How to remove pandas framework from another data frame

Question

How to remove pandas framework from another data frame

How to remove the pandas framework from another data frame, as well as subtraction:

a=[1,2,3,4,5] b=[1,5] ab=[2,3,4]

And now we have two pandas frames, how to remove df2 from df1:

 In [5]: df1=pd.DataFrame([[1,2],[3,4],[5,6]],columns=['a','b']) In [6]: df1 Out[6]: ab 0 1 2 1 3 4 2 5 6 In [9]: df2=pd.DataFrame([[1,2],[5,6]],columns=['a','b']) In [10]: df2 Out[10]: ab 0 1 2 1 5 6

Then we expect the result of df1-df2 to be:

 In [14]: df Out[14]: ab 0 3 4

How to do it?

Thanks.

+17

python pandas dataframe subtraction

176coding May 19 '16 at 3:54

source share

8 answers

piRSquared · Answer 1 · 2016-05-19T04:27:47+0000

Decision

Use pd.concat and then drop_duplicates(keep=False)

 pd.concat([df1, df2, df2]).drop_duplicates(keep=False)

Similar to

  ab 1 3 4

Explanation

pd.concat adds two DataFrame together, adding one immediately after the other. if there is any overlap, it will be captured using the drop_duplicates method. However, drop_duplicates leaves the first drop_duplicates by default and deletes all other cases. In this case, we want to delete each duplicate. Therefore, the keep=False parameter, which does just that.

Special note on re- df2 . Only one df2 any line from df2 not in df1 will not be considered a duplicate and will remain.

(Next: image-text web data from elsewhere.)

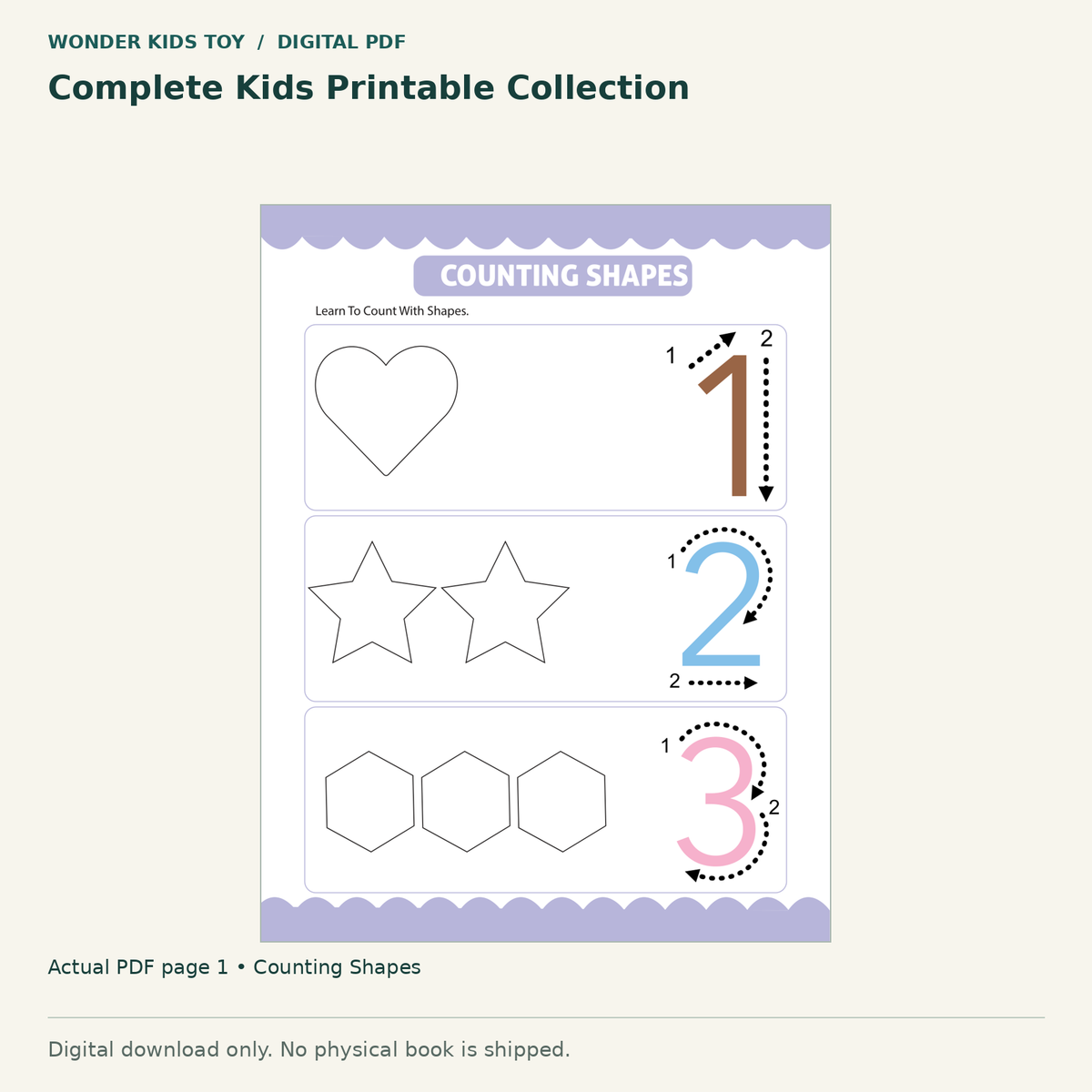 Complete Kids Printable Collection: actual page 1 from Counting Shapes. Digital only; no physical book.
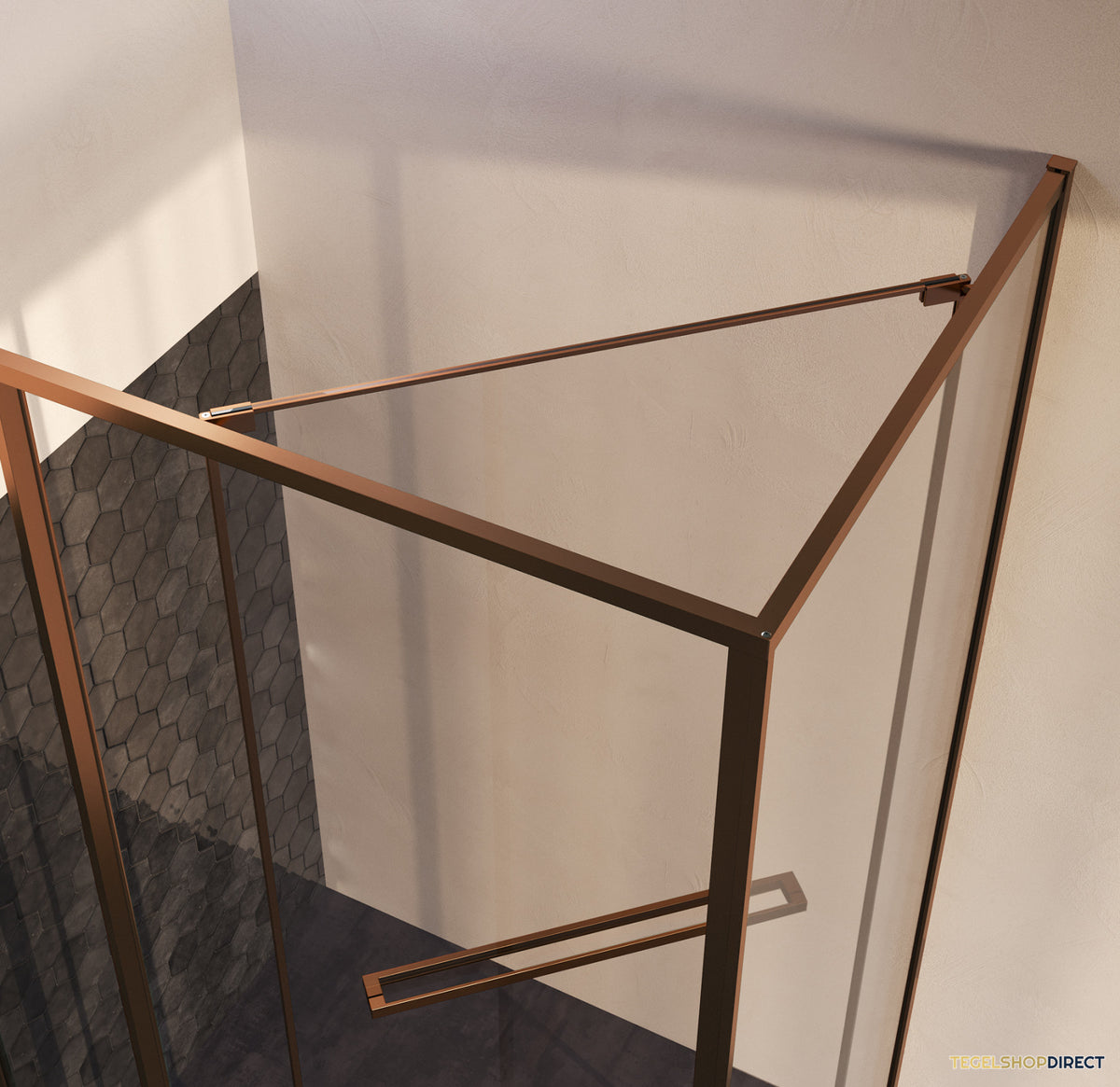BRAUER Luminis Douchecabine 3-Delig Naar Binnen Draaiend 120x90x200 Omkeerbaar Helder Glas Incl. Glascoating PVD Koper Geborsteld – afbeelding 5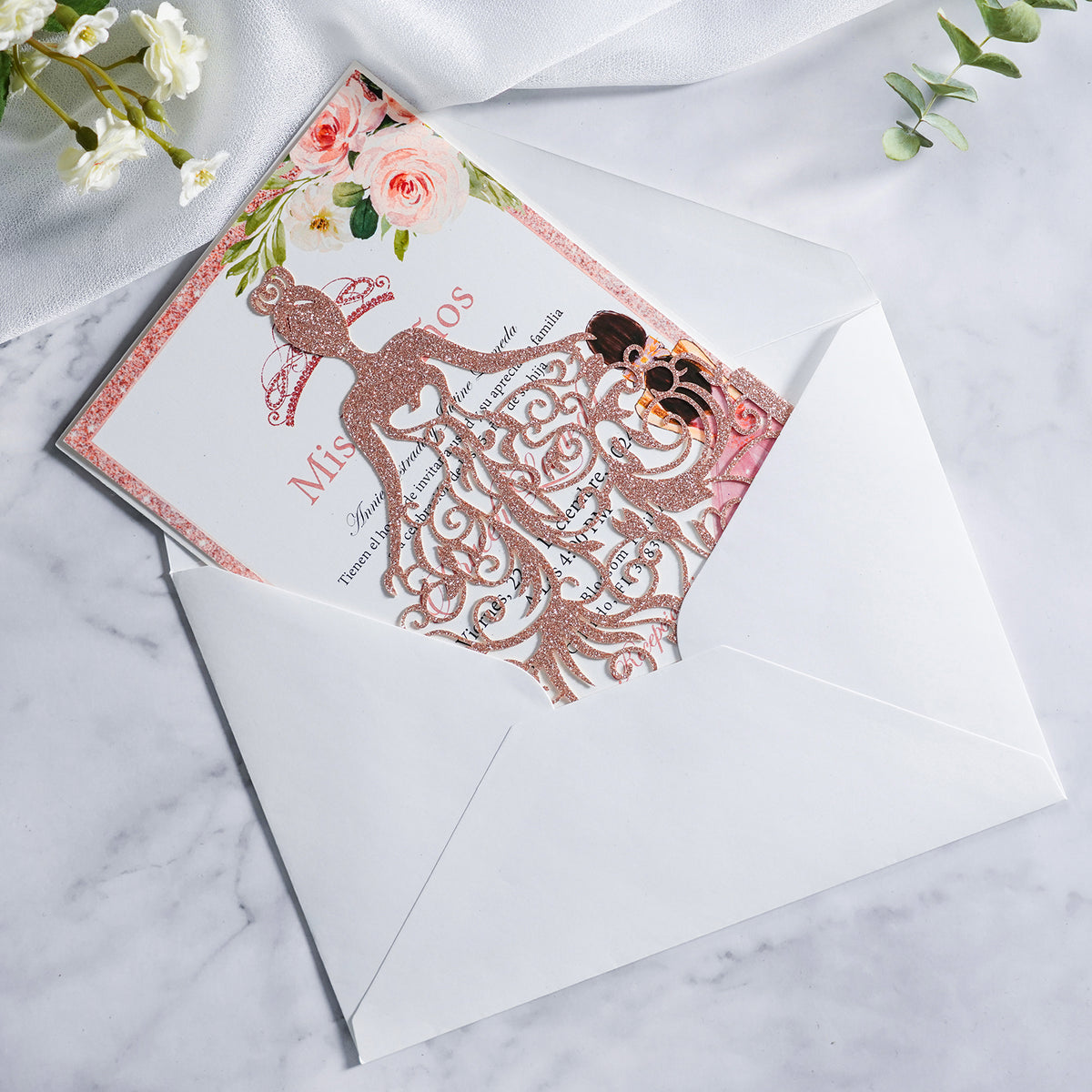 PONATIA Rose Gold Glitter Laser Cut Crown Sweet 16 Invitations Cards With Envelopes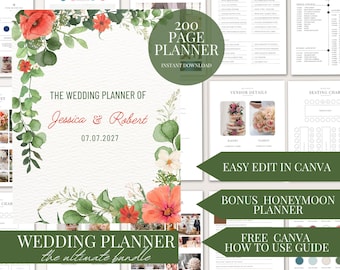 Ultimate Wedding Planner Bundle 200 Page Customizable Canva Template Digital Download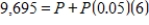 <strong>What does the number 0.05 represent in the given equation: . </strong> A)annual interest rate B)interest C)future value D)time E)principal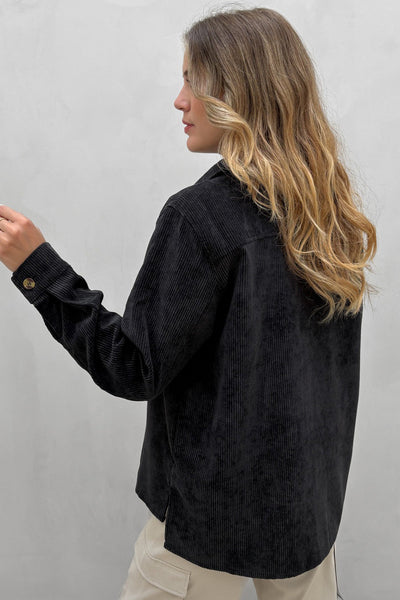 Chic Women's Black Corduroy Shacket with Button Flap Pockets - Perfect Layer for Effortless Casual Style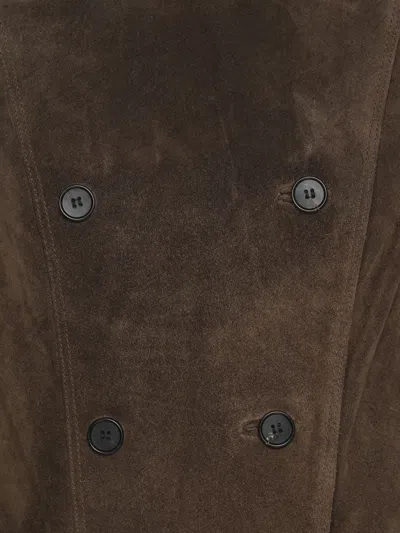 Pre-owned Allsaints Double-breasted Suede Jacket In Brown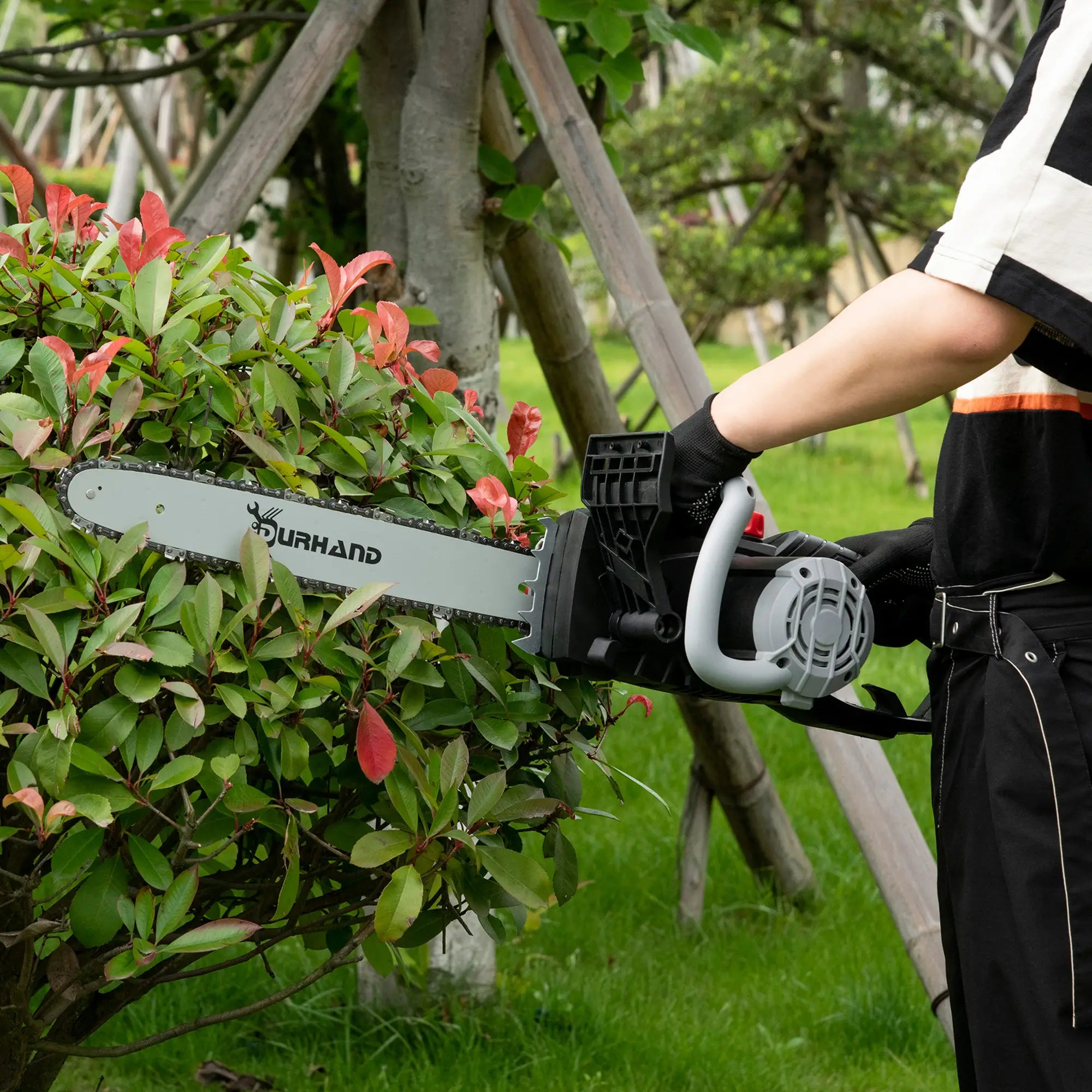 1600W Electric Chainsaw with Double Brake, Tool-Free Chain Tensioning and 16inch Guide Bar and Chain, Power Saw to Cut Wood, Auto Chain Lubrication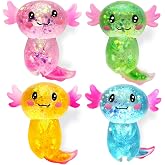 4pcs Axolotl Squishy Stress Relief Toy Glitter Fidget Toys Cute Malt Sugar Axolotl Toy Fidget Toys Adults Fidget Toy for Kids Youth Adult, Party Favors Anxiety Relief Taba Squishy Toys Gift(4pcs)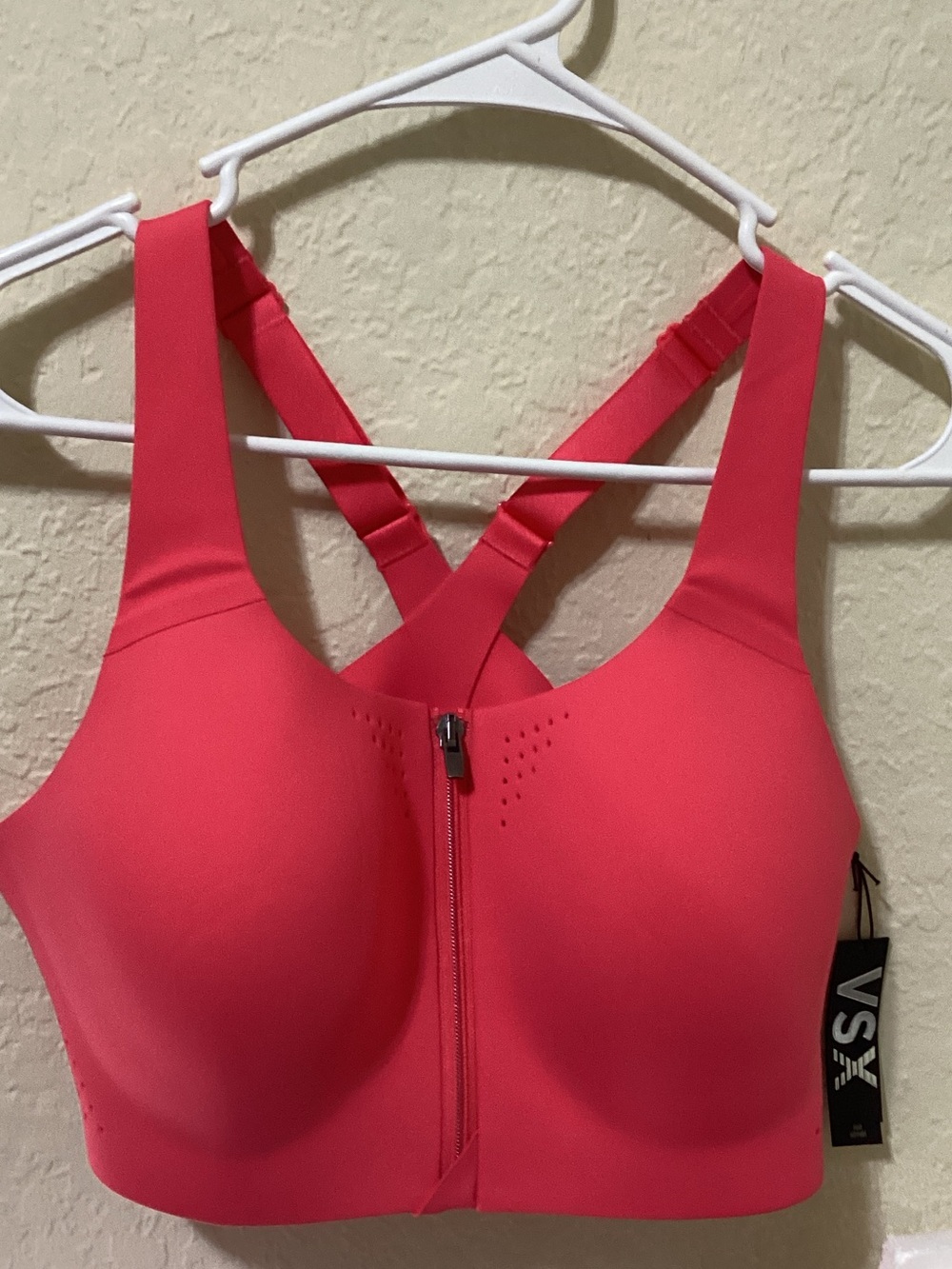 Victoria's Secret Coral Pink Front-Zip Sports Bra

This solution only works with one df2 only when df2 is a subset of df1 . However, if we concatenate << 29> twice, it is guaranteed to be a duplicate and subsequently deleted.

Stefan · Answer 2 · 2016-05-19T19:04:56+0000

You can use .duplicated , whose advantage is that it is quite expressive:

 %%timeit combined = df1.append(df2) combined[~combined.index.duplicated(keep=False)] 1000 loops, best of 3: 875 µs per loop

For comparison:

 %timeit df1.loc[pd.merge(df1, df2, on=['a','b'], how='left', indicator=True)['_merge'] == 'left_only'] 100 loops, best of 3: 4.57 ms per loop %timeit pd.concat([df1, df2, df2]).drop_duplicates(keep=False) 1000 loops, best of 3: 987 µs per loop %timeit df2[df2.apply(lambda x: x.value not in df2.values, axis=1)] 1000 loops, best of 3: 546 µs per loop

In np.array , using np.array comparison is the fastest. .tolist() not needed .tolist() .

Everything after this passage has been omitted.